» **WHAT THE TASK ASKS**
In the listing below, find the line containing "Serbia ndryshon pushtetin, por" and the line containing "Best Remote Control". Repeat exactly those two lines and every line between them, nothing more.

» **RECORD EXCERPTS**
· · · ·
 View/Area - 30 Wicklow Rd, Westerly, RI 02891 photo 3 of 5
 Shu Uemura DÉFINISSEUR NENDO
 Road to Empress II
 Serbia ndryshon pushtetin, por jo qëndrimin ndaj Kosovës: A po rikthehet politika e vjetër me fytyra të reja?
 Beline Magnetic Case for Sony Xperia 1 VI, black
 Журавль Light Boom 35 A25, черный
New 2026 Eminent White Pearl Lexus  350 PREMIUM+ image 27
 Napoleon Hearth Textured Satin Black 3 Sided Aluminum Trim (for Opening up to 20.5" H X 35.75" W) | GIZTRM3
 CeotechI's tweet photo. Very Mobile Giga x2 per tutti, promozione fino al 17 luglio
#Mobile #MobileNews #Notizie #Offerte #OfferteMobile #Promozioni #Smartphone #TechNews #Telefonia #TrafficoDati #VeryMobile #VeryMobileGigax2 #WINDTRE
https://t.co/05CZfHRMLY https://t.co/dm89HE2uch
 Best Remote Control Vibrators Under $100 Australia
· · · ·
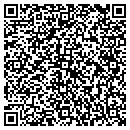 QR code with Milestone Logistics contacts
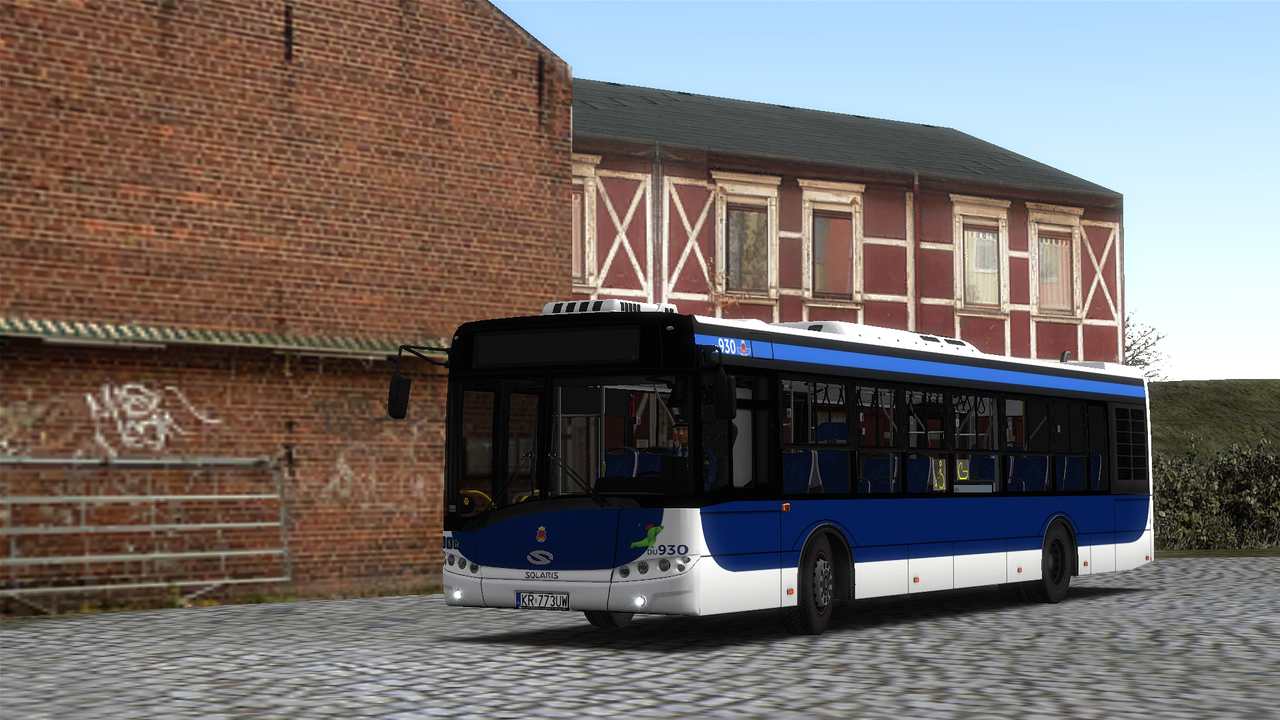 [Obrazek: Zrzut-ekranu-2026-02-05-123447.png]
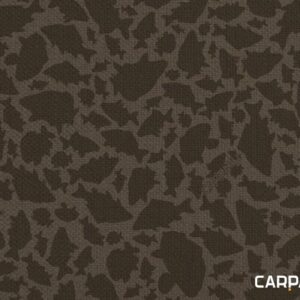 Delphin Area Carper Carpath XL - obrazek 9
· · · ·
» **EXERCISE OUTPUT**
 Serbia ndryshon pushtetin, por jo qëndrimin ndaj Kosovës: A po rikthehet politika e vjetër me fytyra të reja?
 Beline Magnetic Case for Sony Xperia 1 VI, black
 Журавль Light Boom 35 A25, черный
New 2026 Eminent White Pearl Lexus  350 PREMIUM+ image 27
 Napoleon Hearth Textured Satin Black 3 Sided Aluminum Trim (for Opening up to 20.5" H X 35.75" W) | GIZTRM3
 CeotechI's tweet photo. Very Mobile Giga x2 per tutti, promozione fino al 17 luglio
#Mobile #MobileNews #Notizie #Offerte #OfferteMobile #Promozioni #Smartphone #TechNews #Telefonia #TrafficoDati #VeryMobile #VeryMobileGigax2 #WINDTRE
https://t.co/05CZfHRMLY https://t.co/dm89HE2uch
 Best Remote Control Vibrators Under $100 Australia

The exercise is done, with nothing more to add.